Question

Find a formula for the general term \(a_{n}\) of each of the following sequences. $$ \\{1,-1 / 3,1 / 5,-1 / 7, \ldots\\} $$

Short answer

The general term is \( a_n = (-1)^{n-1} \cdot \frac{1}{2n-1} \).

Step-by-step solution

Identify the Pattern in the Sequence

The given sequence is \( \{1, -\frac{1}{3}, \frac{1}{5}, -\frac{1}{7}, \ldots\} \). We notice that the signs of the terms alternate, plus (+) and then minus (-). The positive terms are for odd indices and negative terms are for even indices.

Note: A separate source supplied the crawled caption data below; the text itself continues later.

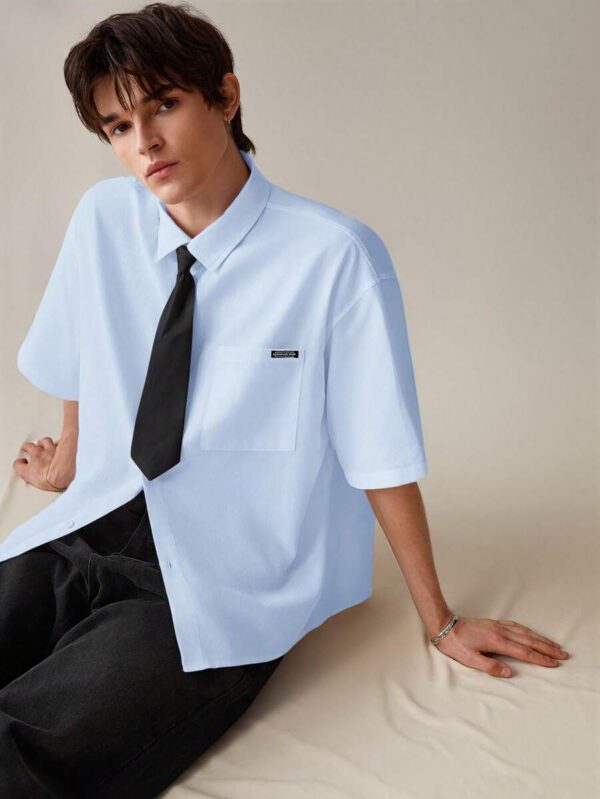 SWAVVY Chemise décontractée et polyvalente de couleur unie pour hommes – Image 34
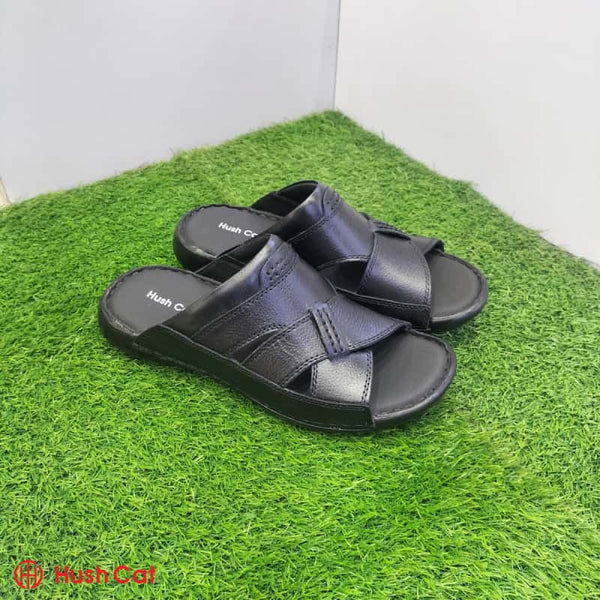 Men’s Black Mild Leather Medicated Cross Slipper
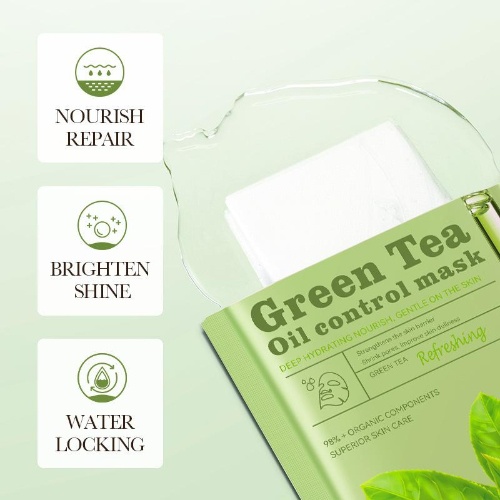 Маска для лица SADOER тканевая Green Tea Oil Control Refreshing facial mask 25 мл, фото 3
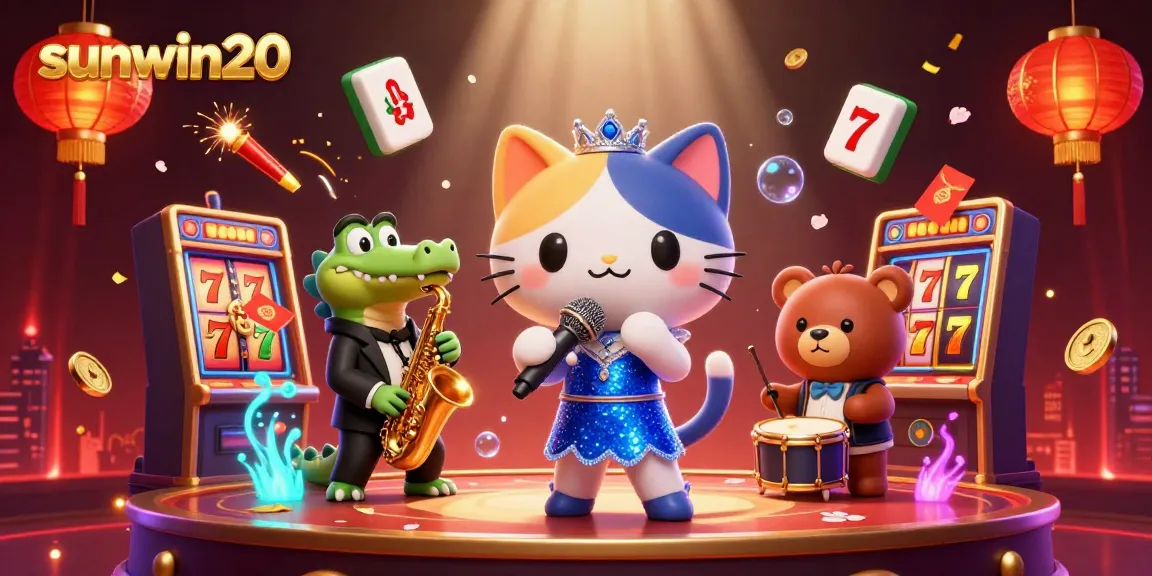 Experience the excitement of sunwin20 with vibrant characters and thrilling casino elements in this dynamic 3D scene.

Determine the Numerator of Each Term

Each term in the sequence starts with 1 in the numerator. Therefore, the numerator for each term can be considered as constant, 1.

Determine the Denominator of Each Term

Observe the denominators in the sequence: 1, 3, 5, 7, ... . These form an arithmetic sequence with the first term 1 and a common difference of 2. Hence, the denominator for the \( n \)-th term is \( 2n - 1 \).

Combine Numerator, Denominator, and Sign to Formulate General Term

Combine findings from previous steps:1. Numerator is 1.2. Denominator is \( 2n - 1 \).3. The term is positive for odd \( n \) and negative for even \( n \), which can be represented by \((-1)^{n-1}\).The general term \( a_n \) of the sequence is therefore given by:\[ a_n = (-1)^{n-1} \cdot \frac{1}{2n-1} \]

Key concepts

Alternating Sign

In sequences, the concept of alternating signs is crucial to understanding how terms change from positive to negative. This pattern occurs when the terms switch between positive and negative values as the index increases. In the sequence we are examining, the signs alternate based on the index of each term.

• Positive signs appear at odd indices.
• Negative signs appear at even indices.

To capture this behavior mathematically, we employ \((-1)^{n-1}\), which is a versatile tool:

• For odd values of \(n\), \((-1)^{n-1}\) equals +1, rendering the term positive.
• For even values of \(n\), \((-1)^{n-1}\) equals -1, rendering the term negative.

This alternating sign is a simple yet powerful way to control the sign of each term in the sequence, ensuring it flips as required.

Arithmetic Sequence

An arithmetic sequence is a sequence of numbers in which the difference between consecutive terms is constant. This constant difference is known as the common difference.In our example:

• Denominators are 1, 3, 5, 7, and so on.
• The common difference is 2, calculated by subtracting any term from its successor, for example, 3 - 1 = 2.

The first term of this arithmetic sequence is 1, and each subsequent term increases by 2. This forms a linear pattern that is easy to predict and extend. The general formula for the \(n\)-th term in an arithmetic sequence can be expressed as:\[ a_n = a_1 + (n-1) imes d \]Where:

• \(a_1\) is the first term.
• \(d\) is the common difference.

For our specific sequence of denominators:\[ a_n = 1 + (n-1) \times 2 = 2n - 1 \]This formula helps us quickly find the denominator for any term based solely on its position \(n\).

General Term Formula

The primary objective when working with sequences is to find a formula for the general term, called the general term formula, which enables us to determine any term \(a_n\) without listing all preceding terms.Combining all previously discussed components:

• Numerator is always 1.
• Denominator follows the arithmetic sequence logic and is \(2n - 1\).
• The sign is controlled by an alternating pattern, \((-1)^{n-1}\).

Putting these together, we obtain the general term formula for our sequence:\[ a_n = (-1)^{n-1} \cdot \frac{1}{2n-1} \]This formula allows us to accurately find the value of any term in the sequence by simply plugging in the respective \(n\)-value. It's a concise representation of our initial sequence, neatly incorporating all its characteristics.